There are related blog posts (Parts 1 and 2 of this article) that describe the styles above in more detail. Two other common anger styles are given below.

Shame-Based Anger

Shame-based anger originates in bad feelings about one’s self borne out of painful and humiliating experiences. Shame causes us to feel unworthy, flawed, damaged and inferior to others. We feel that we are inherently broken and unlike other people. We therefore tend to hide our feelings of shame, keeping secret what we believe to be the awful truths about ourselves that abusive interactions ‘taught’ us.

When we feel shame-based anger, we are typically triggered to relive those painful feelings again. For example, if you were overweight and ostracized for that as a child, a mention of you ‘putting on a couple of pounds’ can trigger intense anger because it taps an intense previous hurt.
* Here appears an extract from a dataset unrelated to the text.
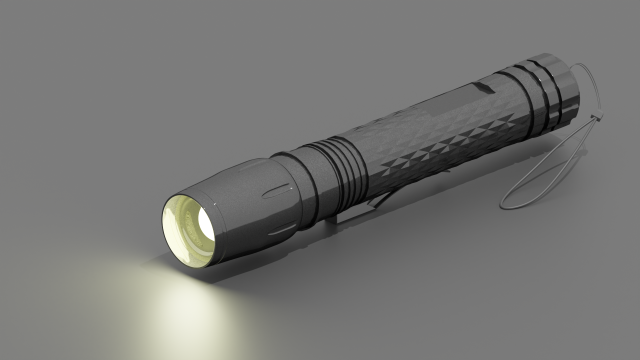 Flashlight 3D Model .c4d .max .obj .3ds .fbx .stl .blend 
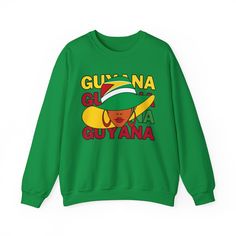 Represent your Guyanese heritage with this bold and vibrant Guyana flag sweatshirt! Made with soft, comfortable fabric, it features the iconic Golden Arrowhead in striking colors. Embrace the spirit of Guyana with its cozy feel and classic fit, perfect for showing your pride at events, gatherings, or simply for everyday wear.  Wear your love for the Land of Many Waters with this stylish, comfortable statement piece. Features: Ultra-comfortable and ideal for everyday wear. Polyester/cotton blend ensures durability and vibrant designs. Ribbed knit collar won't lose its shape over time. No itchy side seams due to tubular knit construction. Green Pre-shrunk Hoodie With Crew Neck, Green Long Sleeve Fan Apparel Top, Green Fan Apparel Sweatshirt, Multicolor Long Sleeve Sweatshirt With Screen Print, Green Pre-shrunk Crew Neck Hoodie, Green Fleece Tops With Letter Print, Green Fleece Top With Letter Print, Green Crew Sweater With Graphic Print, Multicolor Fleece Crew Neck Sweatshirt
Typically people who have shame-based anger are thought over as overly sensitive because they can become triggered by things others aren’t. To explore if you have shame-based anger, ask yourself these questions:

  • Do I feel a need to ‘get even’ when someone hurts me?
  • Do I have revenge fantasies about how I will hurt someone who has hurt me?

Righteous Anger

Righteous anger always has a strong moral tone to it. If this is a pattern for you, you tend to justify your anger based on your beliefs, values and moral judgments. Such anger can arise when you believe that others are behaving immorally. To further explore this in your own life you might ask yourself:

  • Do I feel angry when others live in ways I wouldn’t live?
  • Do I feel my values and beliefs are more correct than those of others?
  • Am I sometimes preoccupied with the behaviors of others even though I am not directly involved?
  • Do I feel a need to confront others about their behaviors or beliefs?